The Power of Myth
Page 16
MOYERS: That is why there is so much pain associated with the true religious transformation or conversion. It is not easy to lose yourself.
CAMPBELL: The New Testament teaches dying to one’s self, literally suffering the pain of death to the world and its values. This is the vocabulary of the mystics. Now, suicide is also a symbolic act. It casts off the psychological posture that you happen to be in at the time, so that you may come into a better one. You die to your current life in order to come to another of some kind. But, as Jung says, you’d better not get caught in a symbolic situation. You don’t have to die, really, physically. All you have to do is die spiritually and be reborn to a larger way of living.
MOYERS: But it seems so foreign to our experience today. Religion is easy. You put it on as if you are putting on a coat and going out to the movies.
CAMPBELL: Yes, most churches are for nice social gatherings. You like the people there, they are respectable people, they are old friends, and the family has known them for a long time.
MOYERS: What has happened to this mythic idea of the self-sacrificing savior in our culture today?
CAMPBELL: During the Vietnam War, I remember seeing on the television young men in helicopters going out to rescue one or another of their companions, at great risk to themselves. They didn’t have to rescue that greatly endangered young man. And so there I saw this same thing working, the same willingness of which Schopenhauer wrote, of sacrificing one’s own life for another. Men sometimes confess they love war because it puts them in touch with the experience of being alive. In going to the office every day, you don’t get that experience, but suddenly, in war, you are ripped back into being alive. Life is pain; life is suffering; and life is horror—but, by God, you are alive. Those young men in Vietnam were truly alive in braving death for their fellows.

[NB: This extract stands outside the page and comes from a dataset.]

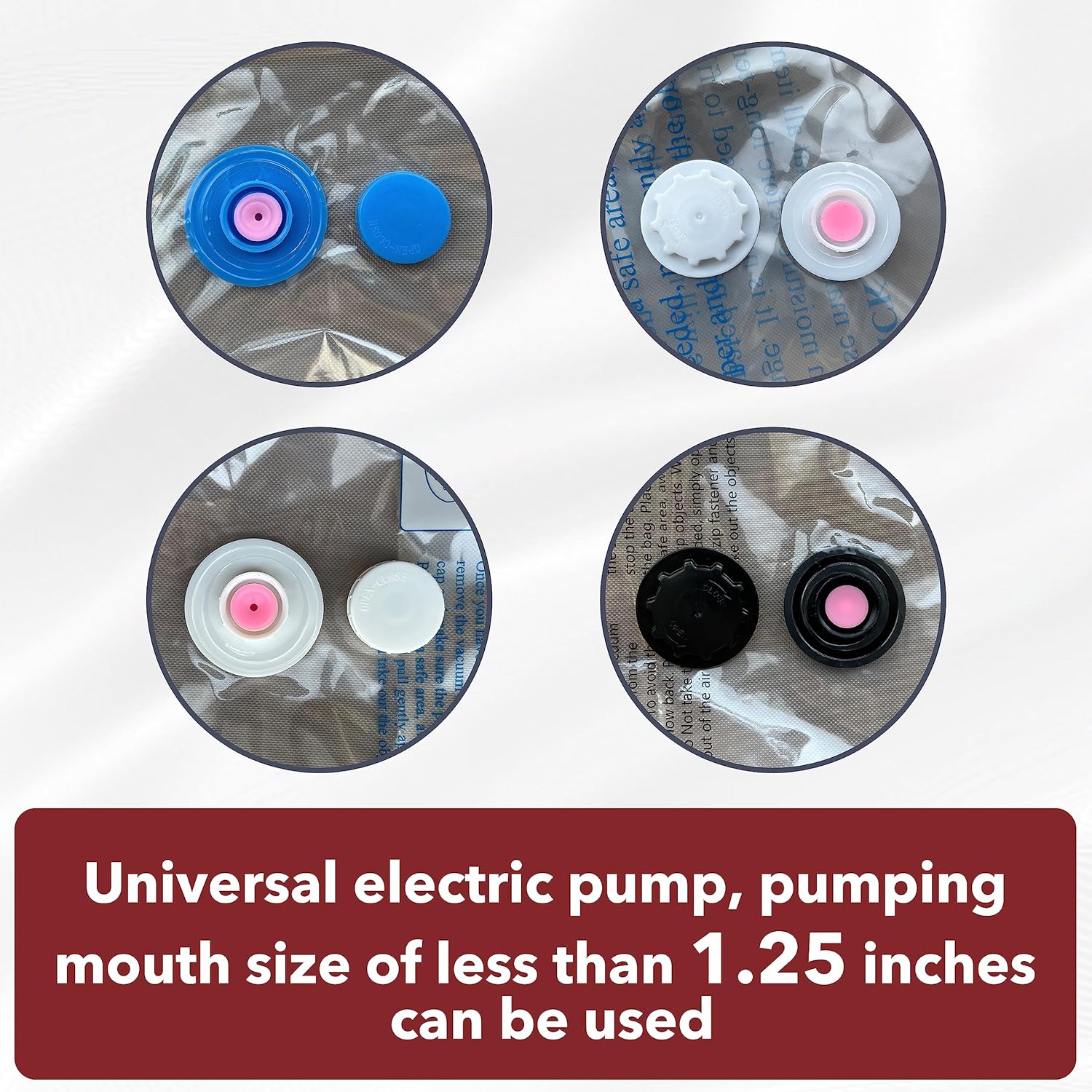 Electric Air Pump for Vacuum Storage Bags - Fast Air Extraction, Fits Most Bags!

MOYERS: But a man said to me once after years of standing on the platform of the subway, “I die a little bit down there every day, but I know I am doing so for my family.” There are small acts of heroism, too, that occur without regard to the notoriety that you attract for it. For example, a mother does it by the isolation she endures on behalf of the family.
CAMPBELL: Motherhood is a sacrifice. On our veranda in Hawaii the birds come to feed. Each year there have been one or two mother birds. When you see a mother bird, plagued by her progeny for food, with five baby birds, some of them bigger than she is, flopping all over her—“Well,” you think, “this is the symbol of motherhood, this giving of your substance and every damn thing to your progeny.” That is why the mother becomes the symbol of Mother Earth. She is the one who has given birth to us and on whom we live and on whose body we find our food.
MOYERS: As you talk, I think of another figure in The Way of the Animal Powers that struck me as Christlike. Do you remember that savior figure from the creation legend of the Pima Indians?
CAMPBELL: Yes. It is an instructive story. He is the classic savior figure who brings life to mankind, and mankind then tears him to pieces. You know the old saying: Save a man’s life and make an enemy for life.
MOYERS: When the world is created, he emerges from the center of the earth and later leads his people from underground, but they turn against him, killing him not once but several times—
CAMPBELL: —even pulverizing him.
MOYERS: But he always returns to life. At last he goes into the mountains where the trails become so confused, no one can follow him. Now, that is a Christlike figure, isn’t it?
CAMPBELL: Yes, it is. And here also is the labyrinth motif. The trails are deliberately confused, but if you know the secret of the labyrinth, you can go and pay its inhabitant a visit.
MOYERS: And if you have faith, you can follow Jesus.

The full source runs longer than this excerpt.